Em sua coluna "Feitiço Invertido" (20/3, A6), Dora Kramer sintetiza as peripécias dos governos Lula e Dilma na gestão da Petrobras, que redundou no desmonte da maior empresa brasileira. Desde pequenos casos, como o Land Rover do Silvinho, aos que agora são dados a conhecer, como a negociata (maracutaia, como diria o Lula quando na oposição) da Refinaria de Pasadena ou o caso do suborno de US$ 30 milhões no aluguel das plataformas da SBM Offshore. O que Dora Kramer esqueceu de mencionar é que na campanha eleitoral entre Fernando Henrique Cardoso e Lula, esse acusou o candidato do PSDB de, se eleito, promover a privatização da Petrobras e do Banco do Brasil, num verdadeiro terrorismo eleitoral.

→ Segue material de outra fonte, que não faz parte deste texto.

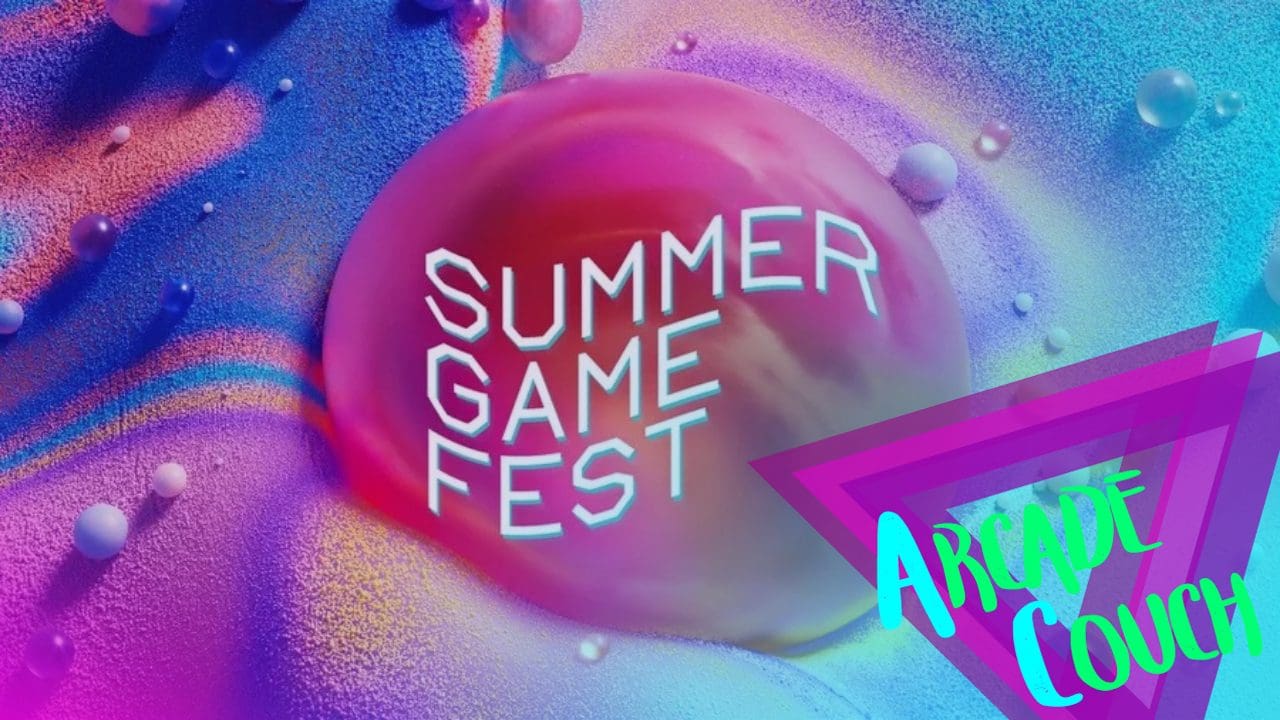 Summer Game Fest 2026 Predictions: Elder Scrolls VI, Resident Evil & More [Arcade Couch Podcast]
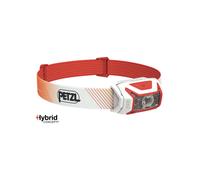 Petzl - Lampada frontale - Actik Core Rosso - rosso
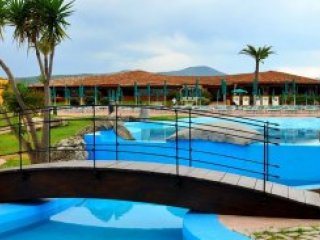 Baia dei Pini Resort - Budoni Baia dei Pini Resort - Budoni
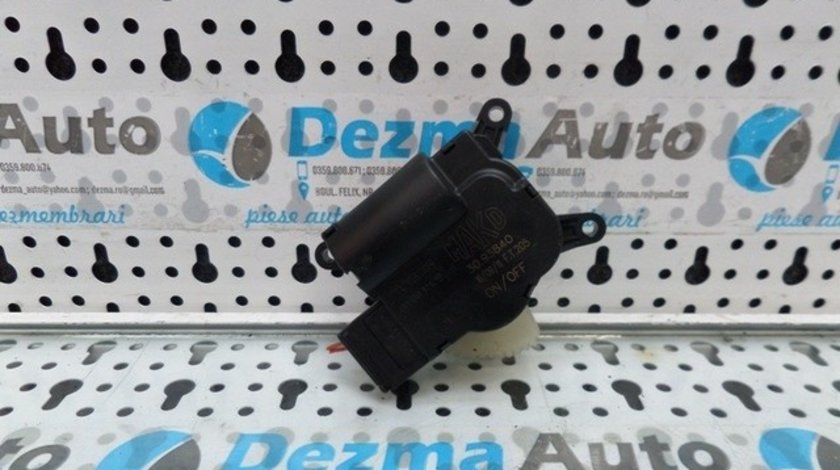 Motoras aeroterma bord, 3093840, Fiat Doblo Cargo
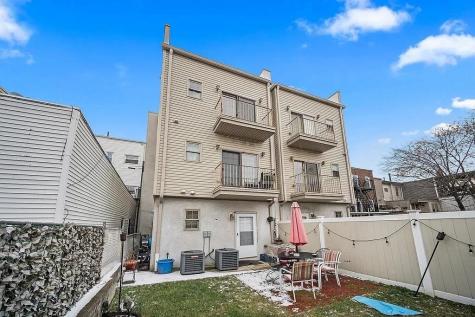 41 Wright Avenue Jersey City NJ 07306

Hoje vemos que, se a Petrobras tivesse sido privatizada, provavelmente as trampolinagens dos petistas e sindicalistas teriam sido evitadas, pois a empresa teria adotado um padrão de governança corporativa mínimo, o que não existe em empresas tocadas pelo governo petista, com propósitos escusos e eleitoreiros.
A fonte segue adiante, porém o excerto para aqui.